Records drawn from a dataset

☆ ☆ ☆

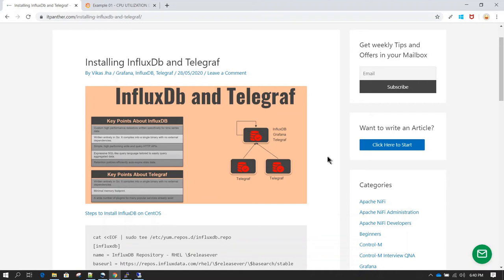In this session we are going to learn how we can use Grafana to connect to InfluxDB. InfluxDB is a very popular time series database which is completely written in Go language and it doesn't have any dependency, so if you are installing InfluxDB you don't need to install other dependencies.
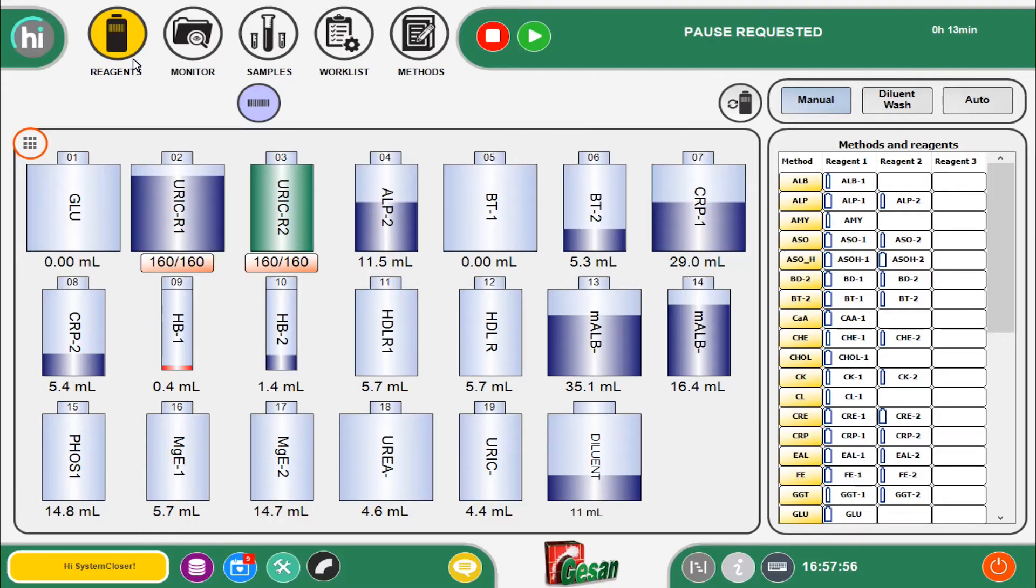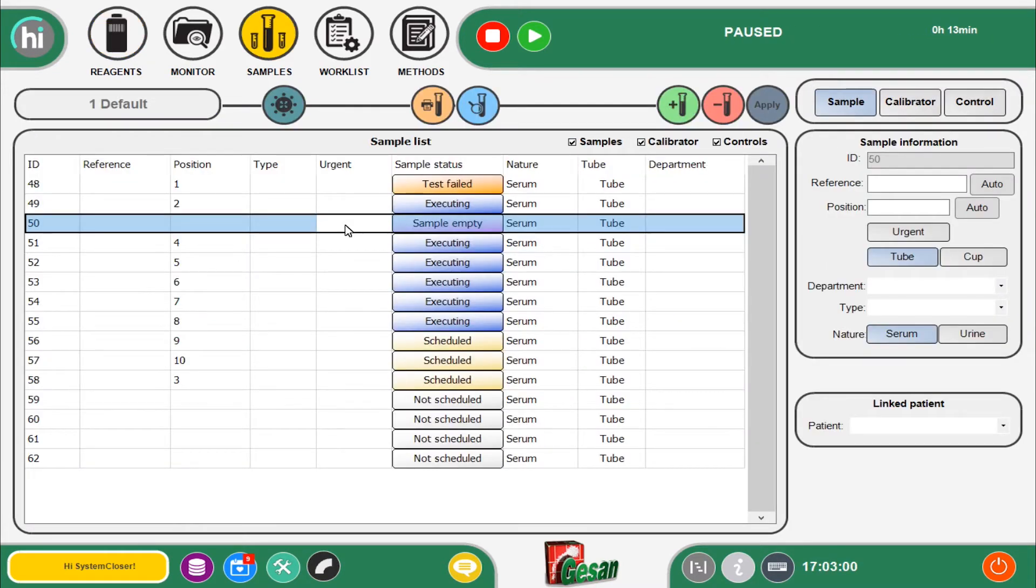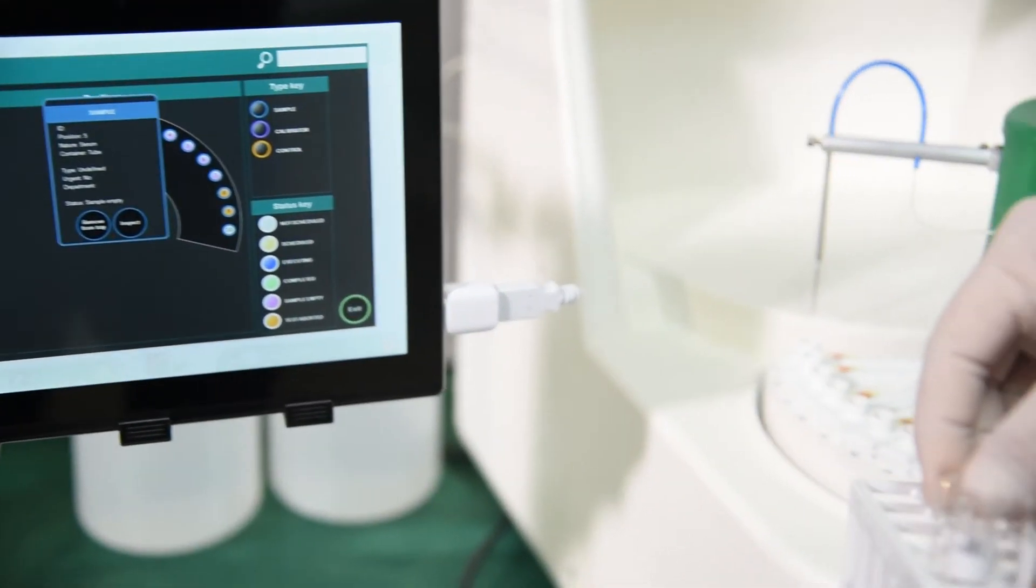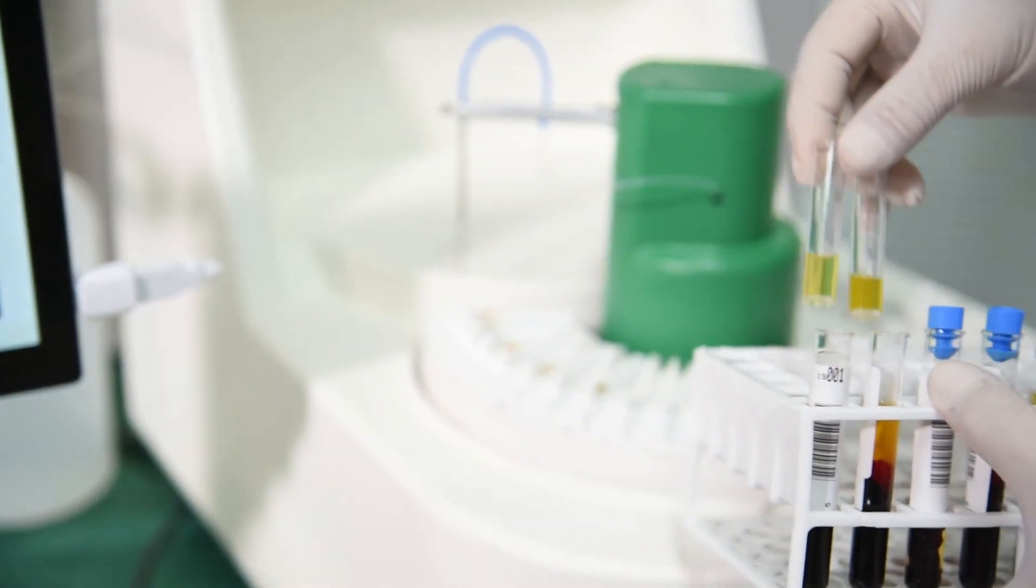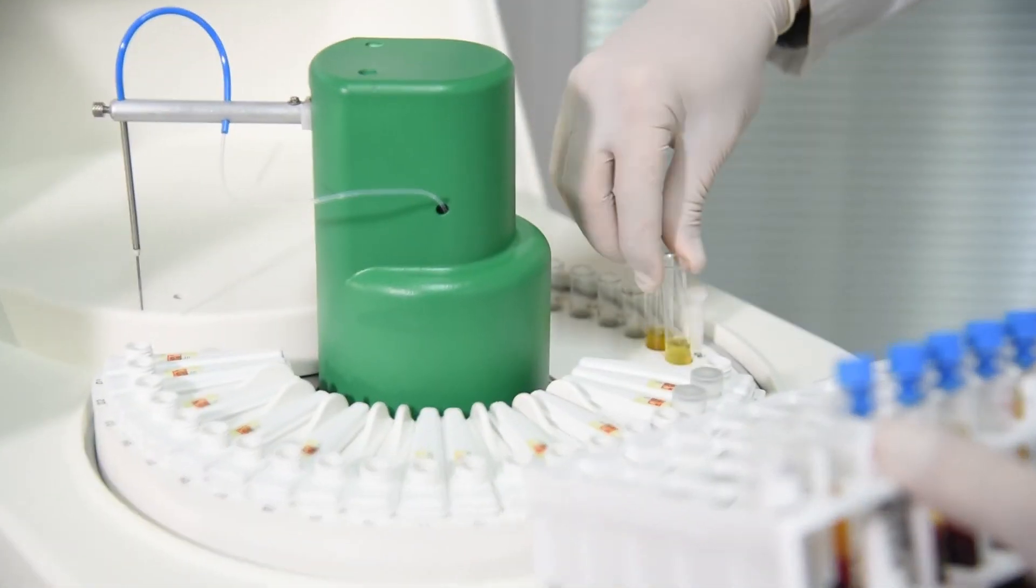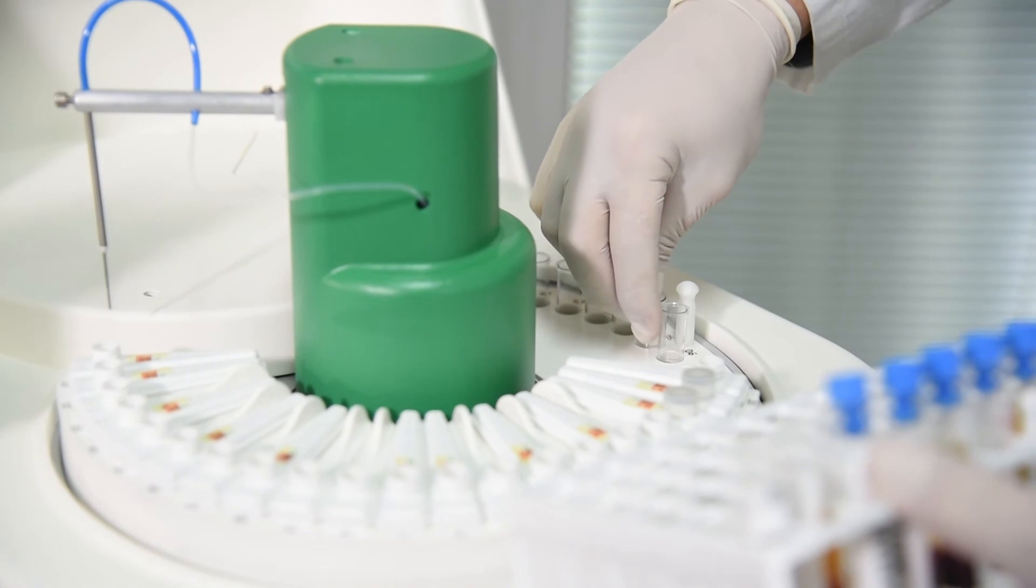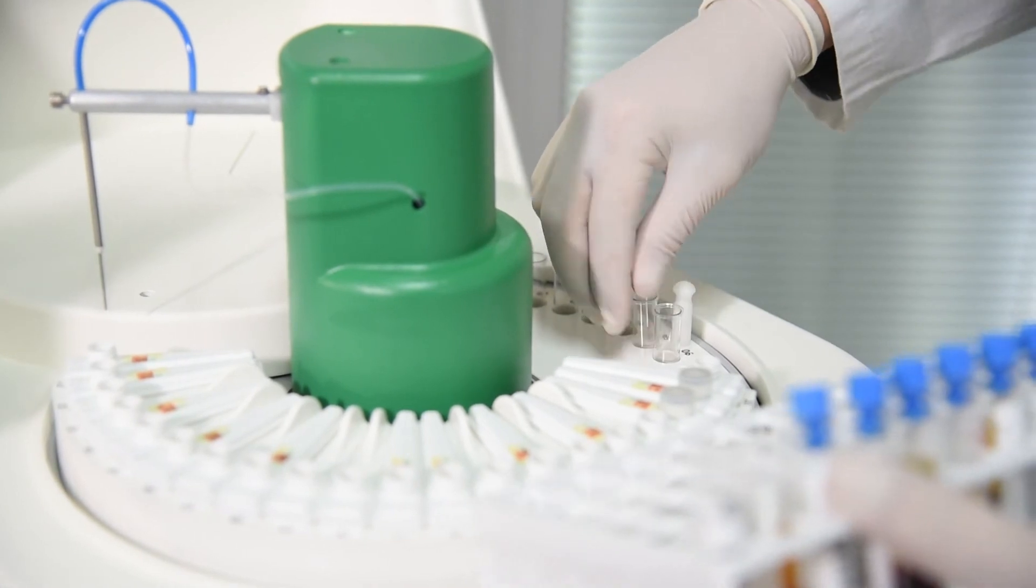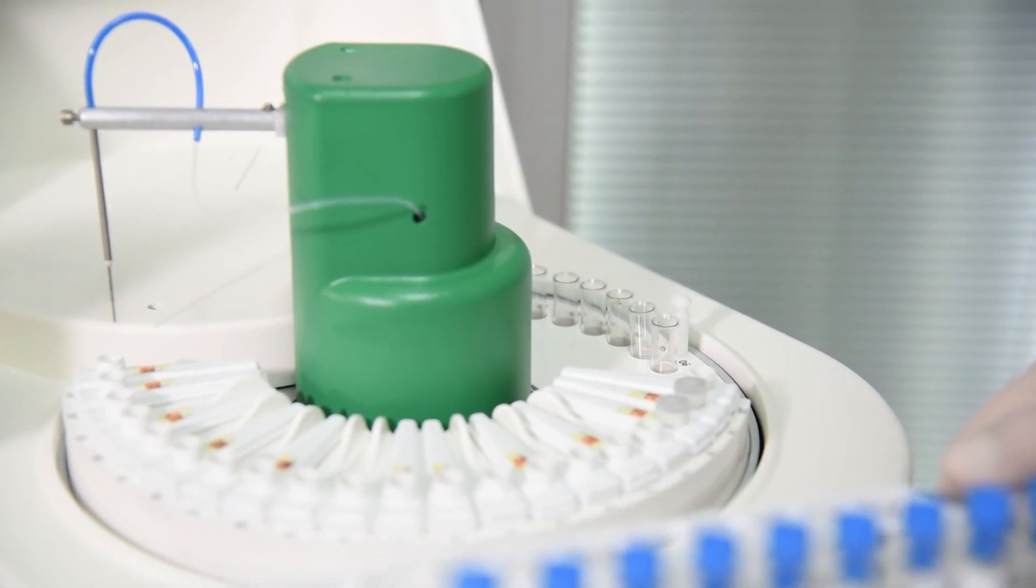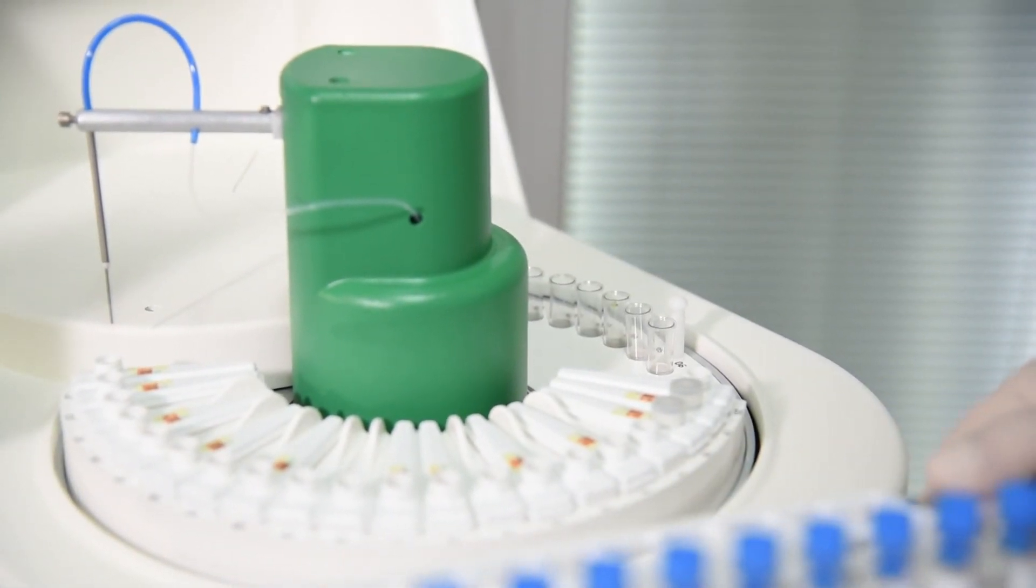The running state can be interrupted without losing the current test using the pause function, allowing the operator to continue loading samples, calibrators, controls, or reagents and then restart execution in progress.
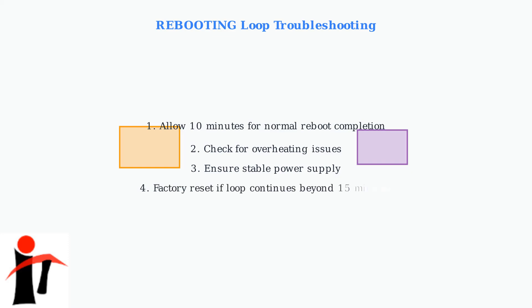If the rebooting loop continues beyond 15 minutes, perform a factory reset. This will restore the system to default settings and often resolves persistent software issues.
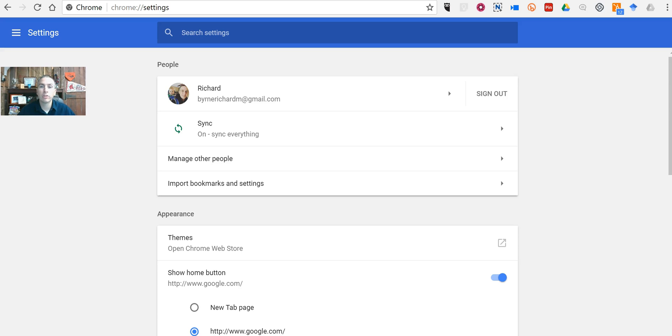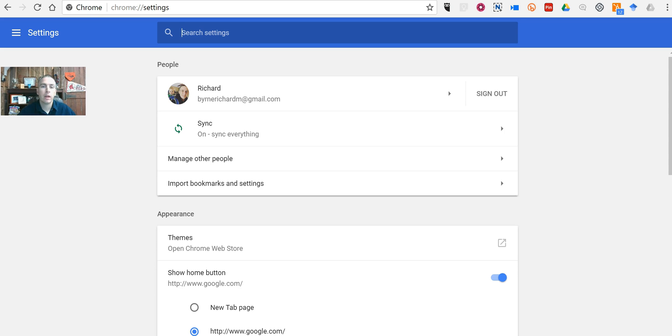Hey everyone, I'm Richard Byrne and I just want to clarify something that I posted on Facebook and Twitter yesterday regarding closing background apps in Google Chrome.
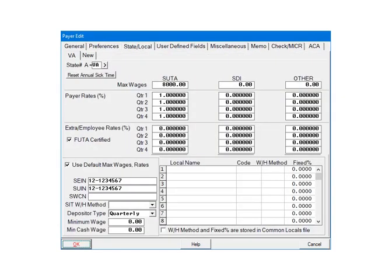This is the Payer State Local screen. Some information, such as the SUTA rates and the Depositor type, have been set up.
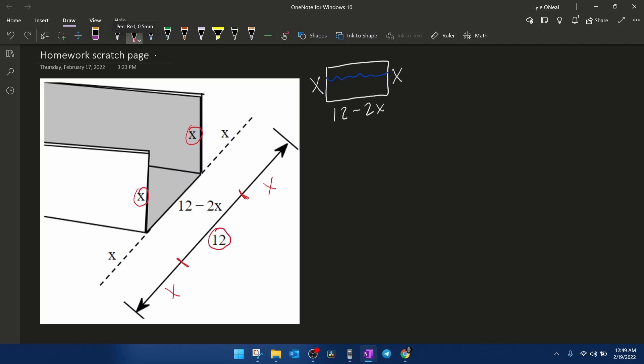And then to find this length in the middle, since the total length is 12, you would take the total length and subtract the lengths on each end. So you would subtract this length and the other length. However, if you combine like terms, that gives you a minus 2x and so that's how they get the 12 minus 2x for the distance across the bottom of the gutter.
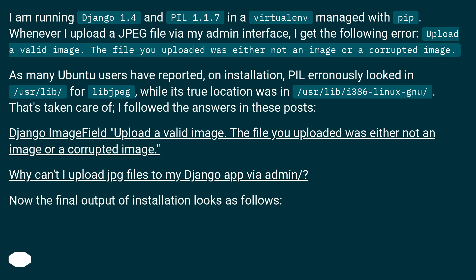As many Ubuntu users have reported, on installation, PIL erroneously looked in /usr/lib/ for libjpeg, while its true location was elsewhere. That's taken care of — I followed the answers in these posts: 'Django ImageField: Upload a valid image. The file you uploaded was either not an image or a corrupted image.' and 'Why can't I upload JPG files to my Django app via admin?'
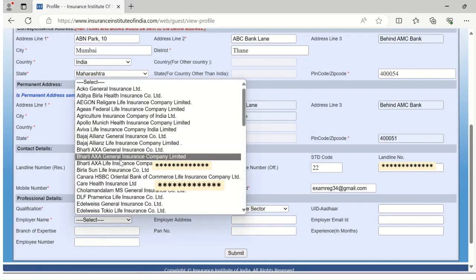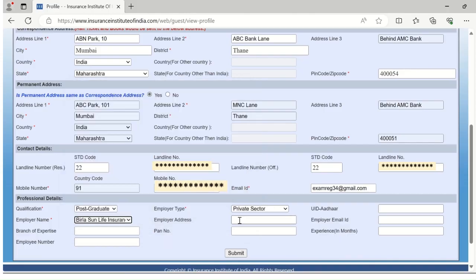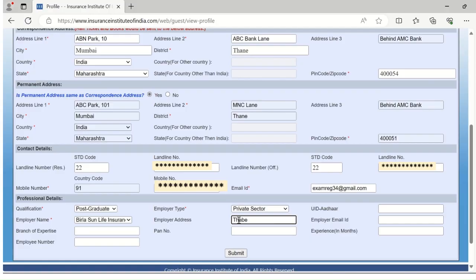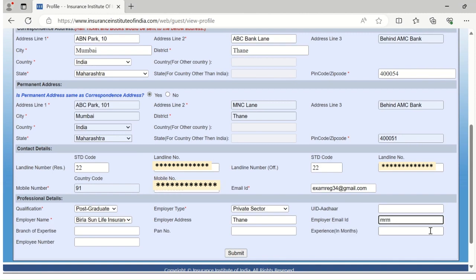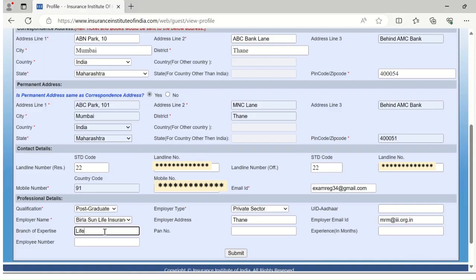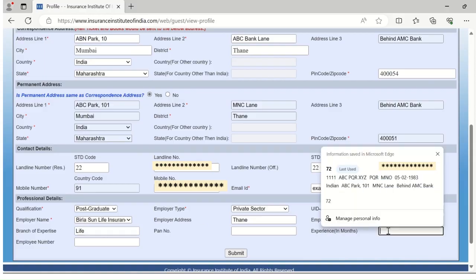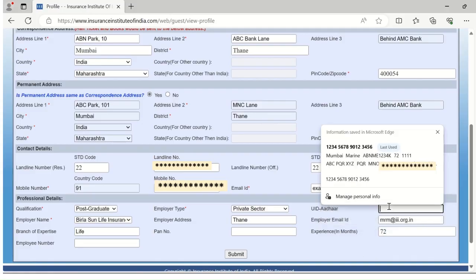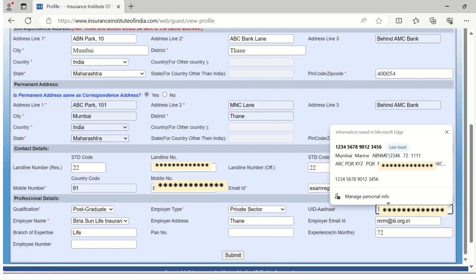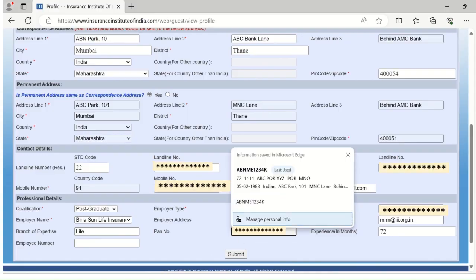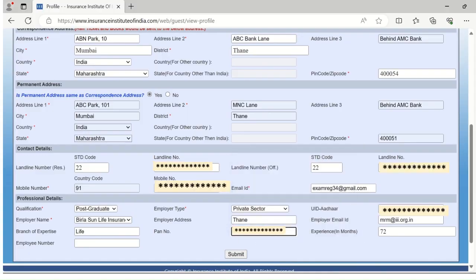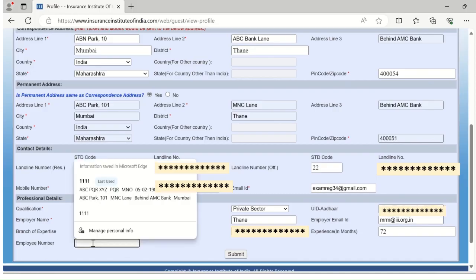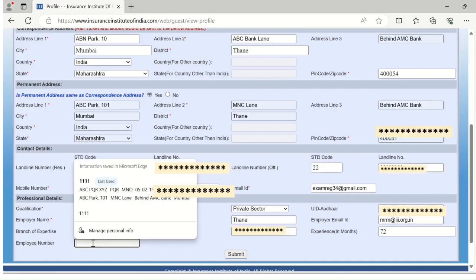Enter employer name from the dropdown list. Employer address is your area you are working. Employer email ID is your official email ID. Enter your branch of expertise, your work experience in months, then add your Aadhaar number, add your PAN number, and your employee number, and click on submit.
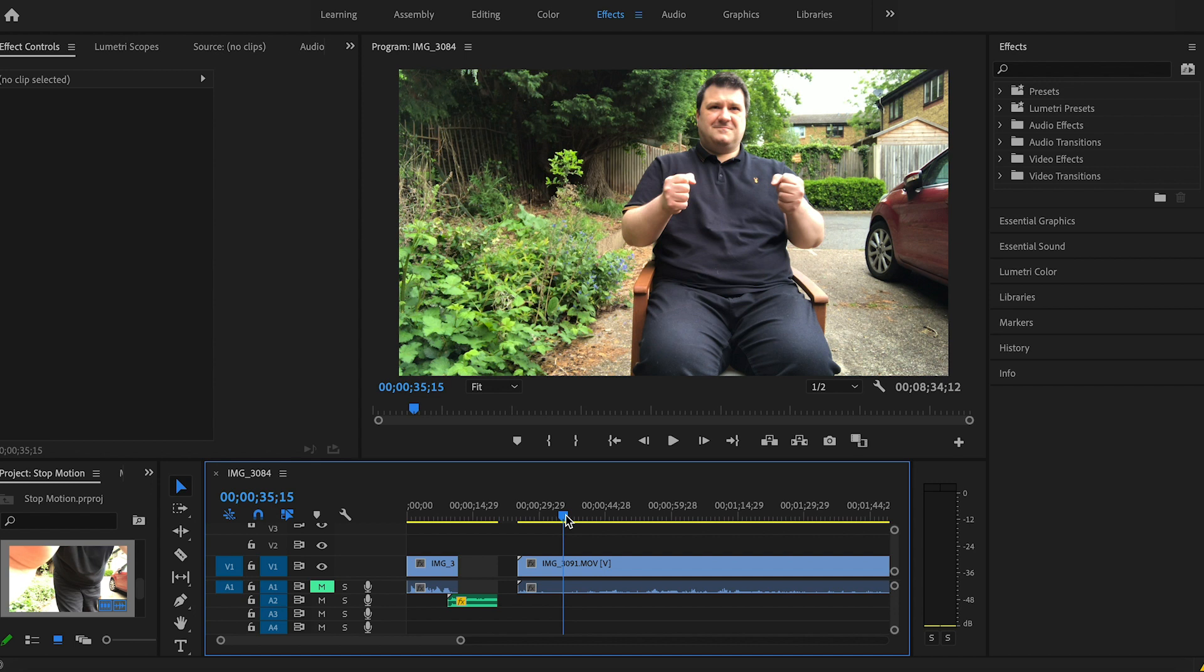So what I want you to do is think about a little live action stop motion animation film you can make. Then get your parents' or guardians' phone or camera. Record the video. Make sure the camera is very still. It's not going to move. And you just roll. Just roll. You don't have to be stopping and starting.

☆ ☆ ☆

*Task requirements*: Exclude the pictures and reproduce every entry exactly.

*Answer to this exercise*:
In this session we are going to learn how we can use Grafana to connect to InfluxDB. InfluxDB is a very popular time series database which is completely written in Go language and it doesn't have any dependency, so if you are installing InfluxDB you don't need to install other dependencies.
The running state can be interrupted without losing the current test using the pause function, allowing the operator to continue loading samples, calibrators, controls, or reagents and then restart execution in progress.
If the rebooting loop continues beyond 15 minutes, perform a factory reset. This will restore the system to default settings and often resolves persistent software issues.
Hey everyone, I'm Richard Byrne and I just want to clarify something that I posted on Facebook and Twitter yesterday regarding closing background apps in Google Chrome.
This is the Payer State Local screen. Some information, such as the SUTA rates and the Depositor type, have been set up.
And then to find this length in the middle, since the total length is 12, you would take the total length and subtract the lengths on each end. So you would subtract this length and the other length. However, if you combine like terms, that gives you a minus 2x and so that's how they get the 12 minus 2x for the distance across the bottom of the gutter.
As many Ubuntu users have reported, on installation, PIL erroneously looked in /usr/lib/ for libjpeg, while its true location was elsewhere. That's taken care of — I followed the answers in these posts: 'Django ImageField: Upload a valid image. The file you uploaded was either not an image or a corrupted image.' and 'Why can't I upload JPG files to my Django app via admin?'
Enter employer name from the dropdown list. Employer address is your area you are working. Employer email ID is your official email ID. Enter your branch of expertise, your work experience in months, then add your Aadhaar number, add your PAN number, and your employee number, and click on submit.
So what I want you to do is think about a little live action stop motion animation film you can make. Then get your parents' or guardians' phone or camera. Record the video. Make sure the camera is very still. It's not going to move. And you just roll. Just roll. You don't have to be stopping and starting.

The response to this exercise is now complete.